À quelles fins une telle tentative obéit-elle ?
6Il s’agit d’abord de montrer la vitalité et la diversité des études entreprises ces dix dernières années sur le champ de la Résistance. Leur originalité aussi. En exploitant des ressources jusqu’alors inaccessibles ou méconnues, en procédant à une critique constructive de l’historiographie antérieure, en déplaçant les questionnements, en diversifiant les échelles, les recherches de cette nouvelle génération d’historiens livrent une sorte de moisson commune. Sans cesse sur le fil du rasoir, elles donnent à voir une forte tension entre un objet qui a été souvent sacralisé pour des raisons qui n’étaient pas toutes mauvaises, qui en tout cas pouvaient se comprendre, et une volonté de le décortiquer sans le dénaturer. Cette tension-là n’est certes pas l’apanage du champ de l’histoire de la Résistance.
7Il était, par ailleurs, utile que des chercheurs encore très imprégnés de l’épreuve que constitue la rédaction d’une thèse donnent libre cours à leur mémoire toute fraîche de l’expérience qu’ils avaient traversée et tirent à chaud quelques enseignements du périple qui venait (ou qui était en train) de s’achever. Le travail de recherche d’un doctorant, si bien encadré soit-il, peut s’apparenter à une quête au long cours où solitude et isolement constituent souvent de pesants compagnons de route. C’est cela aussi que disent en filigrane les contributions ici réunies.
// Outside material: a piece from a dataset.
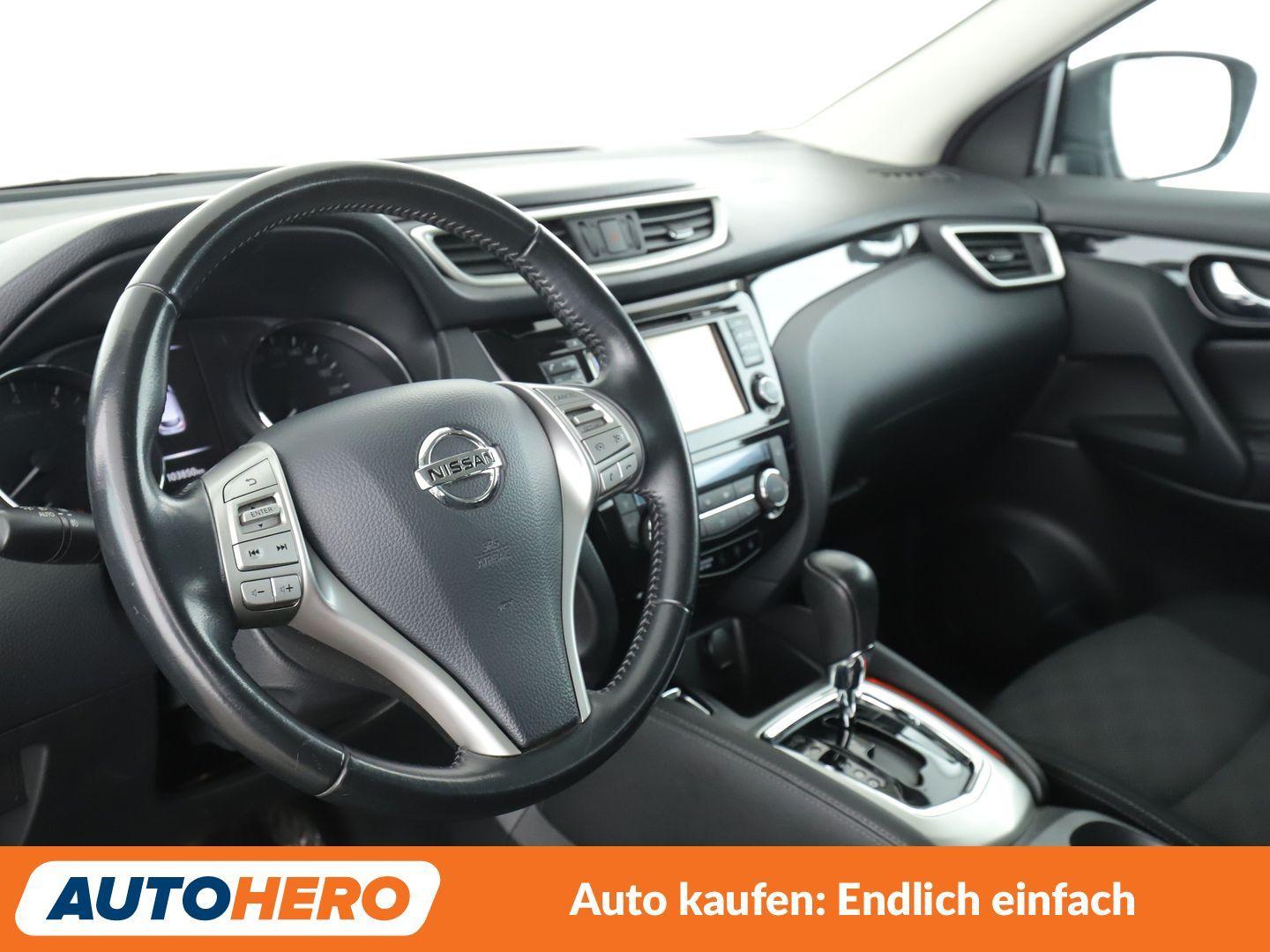 Nissan Qashqai 1.2 Acenta Aut.*NAVI*CAM*SPUR*PDC*SHZ*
8C’est contre cela aussi qu’elles devraient permettre de lutter en servant, au-delà de l’éclairage utile sur le thème qui leur est commun, de boussole à d’autres doctorants quelle que soit leur spécialité. Les questions et problématiques abordées dans les interventions de cet ouvrage (délimitation d’un sujet, construction d’un objet, difficultés et obstacles variés, définition et réflexion sur le corpus de sources utilisées) ne sont pas propres au seul domaine des études résistantes. Que cela soit utile à d’autres, que cela fasse écho à leurs propres interrogations, que cela puisse faciliter l’établissement de passerelles entre spécialistes d’époques et de thématiques éloignées, que chacun puisse ouvrir cette sorte de boîte à outils et y prendre sans autre forme de procès ni précaution ce qui peut l’aider, voilà le but réel de ce livre à plusieurs voix – habituées à discuter, ferrailler, échanger entre elles par goût du frottement et parce que cela permet d’avancer – qui se veut, à sa façon, une forme de partage.
Notes de bas de page
1 Les jeunes chercheurs du CH2R dont les contributions sont réunies ici ont publié des résumés de leurs travaux dans Guerres mondiales et conflits contemporains, « Histoire de la Résistance : nouveaux chercheurs, nouveaux apports », no 242, avril 2011, PUF.